- INPUT DATA
=-=-=

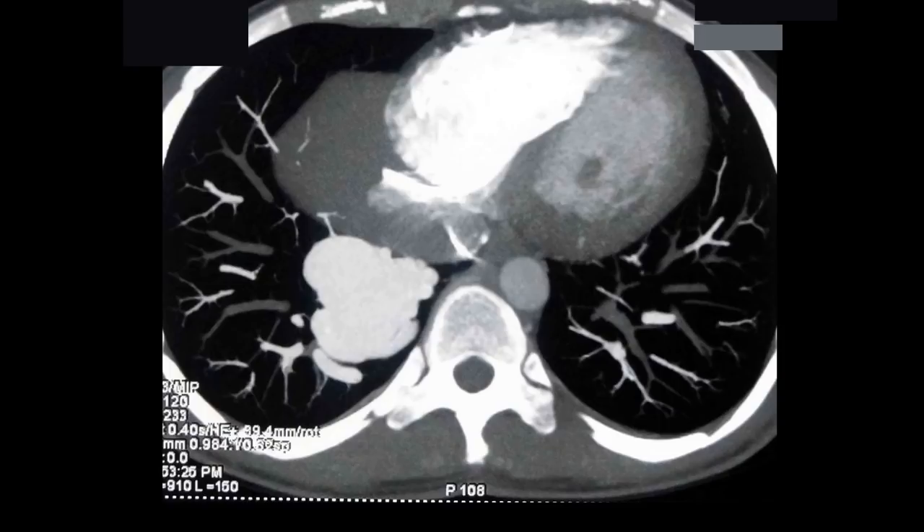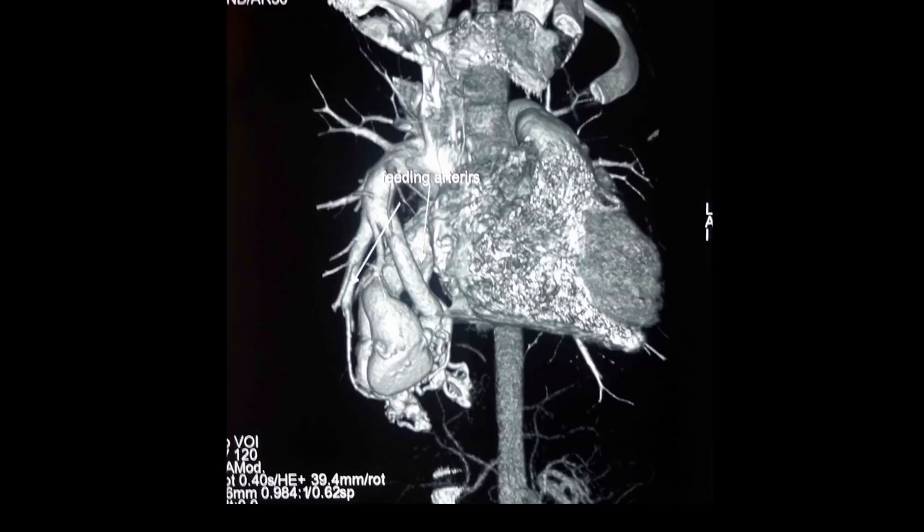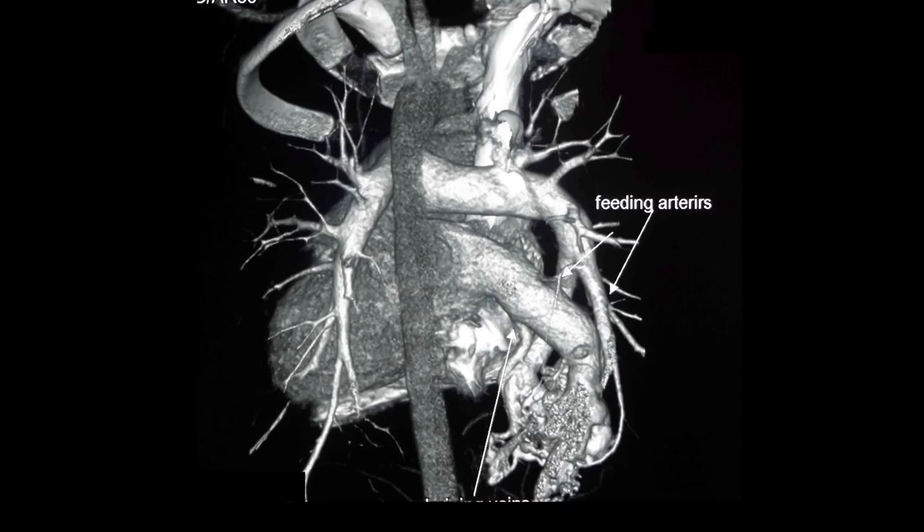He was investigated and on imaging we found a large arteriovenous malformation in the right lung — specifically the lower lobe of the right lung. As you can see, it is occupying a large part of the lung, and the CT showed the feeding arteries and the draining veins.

=-=-=

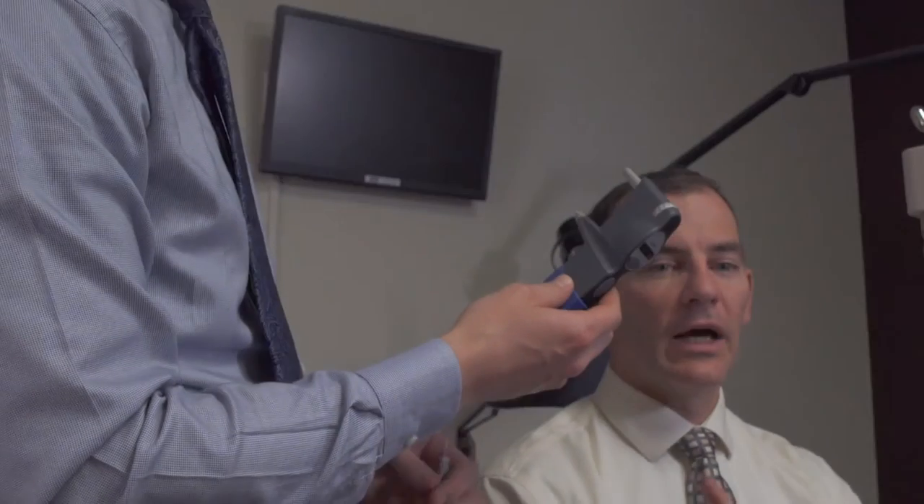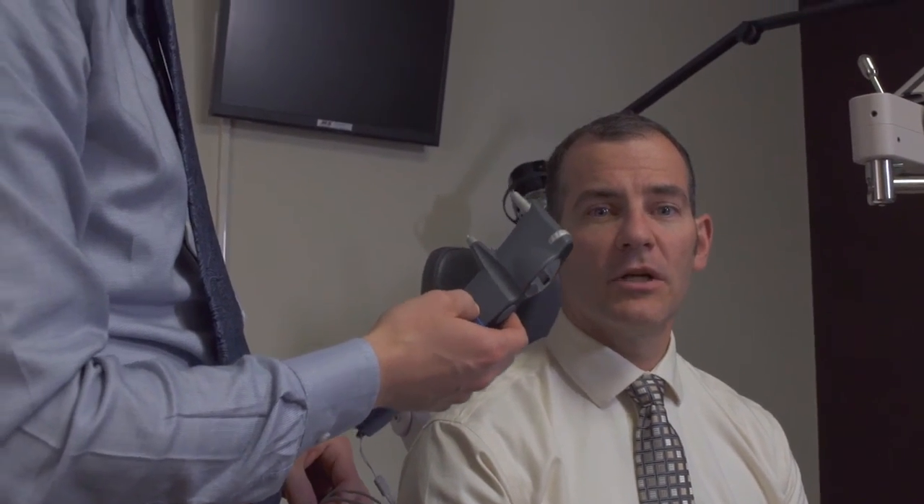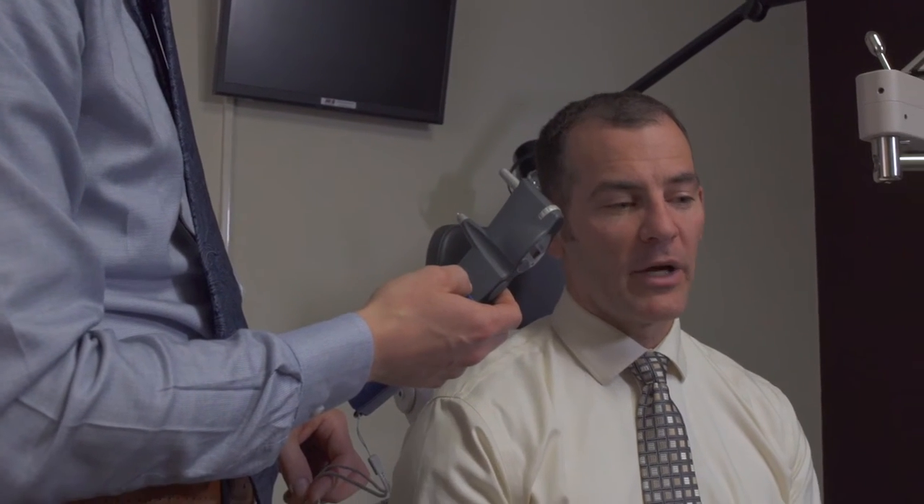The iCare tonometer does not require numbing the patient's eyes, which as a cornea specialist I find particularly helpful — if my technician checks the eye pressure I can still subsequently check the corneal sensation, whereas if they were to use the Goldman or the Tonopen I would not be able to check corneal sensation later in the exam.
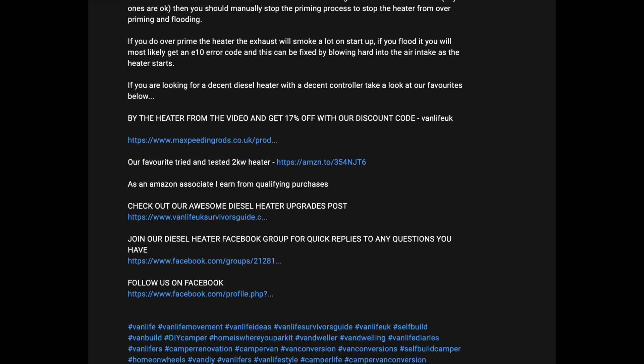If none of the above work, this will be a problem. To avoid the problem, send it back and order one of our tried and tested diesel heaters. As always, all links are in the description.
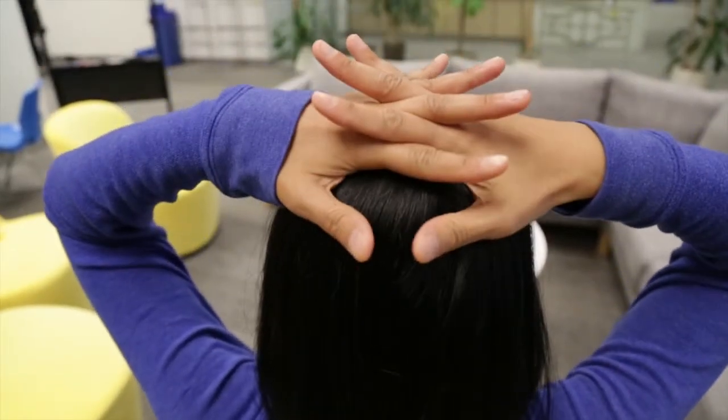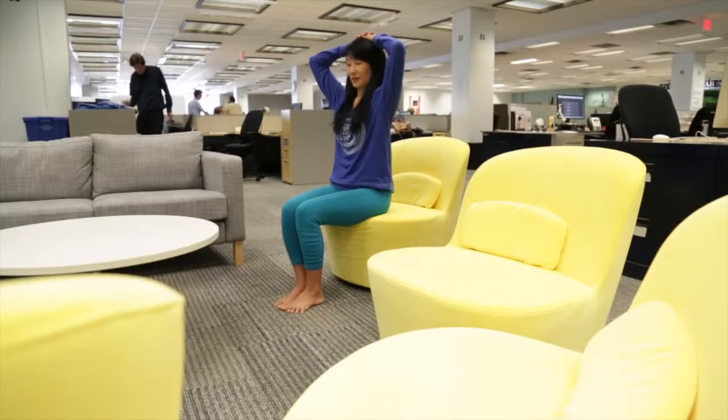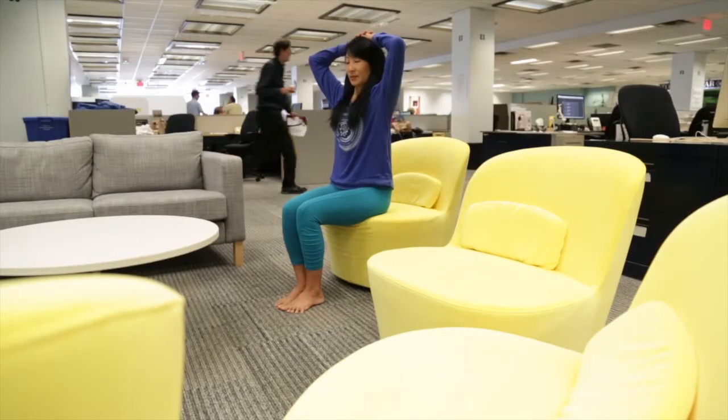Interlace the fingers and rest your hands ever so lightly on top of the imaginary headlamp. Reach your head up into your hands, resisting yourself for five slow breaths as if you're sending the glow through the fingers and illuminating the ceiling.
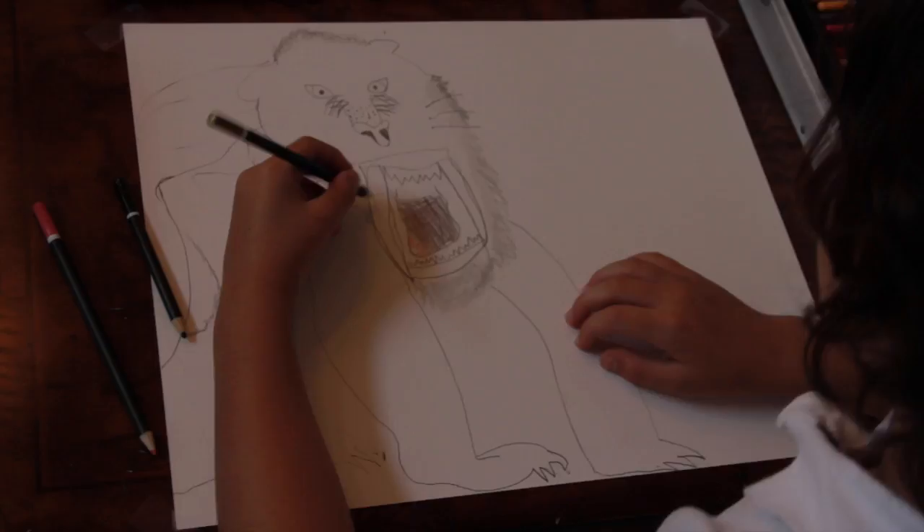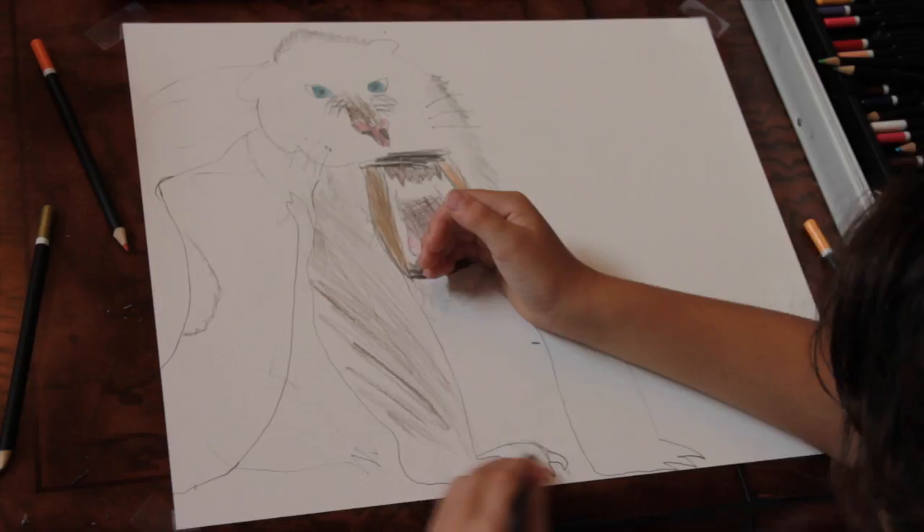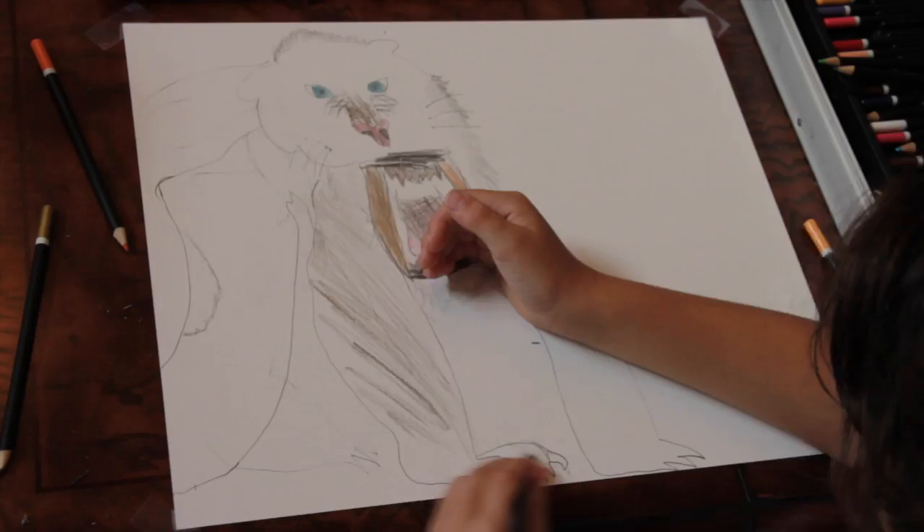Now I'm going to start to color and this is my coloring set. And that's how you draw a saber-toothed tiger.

=-=-=

- WHAT TO WORK ON
For the entries above, print exactly the lines between the one with "The iCare tonometer" and the one with "Now I'm going", inclusive, with no pictures.

- WRITTEN REPLY
The iCare tonometer does not require numbing the patient's eyes, which as a cornea specialist I find particularly helpful — if my technician checks the eye pressure I can still subsequently check the corneal sensation, whereas if they were to use the Goldman or the Tonopen I would not be able to check corneal sensation later in the exam.
If none of the above work, this will be a problem. To avoid the problem, send it back and order one of our tried and tested diesel heaters. As always, all links are in the description.
Interlace the fingers and rest your hands ever so lightly on top of the imaginary headlamp. Reach your head up into your hands, resisting yourself for five slow breaths as if you're sending the glow through the fingers and illuminating the ceiling.
Now I'm going to start to color and this is my coloring set. And that's how you draw a saber-toothed tiger.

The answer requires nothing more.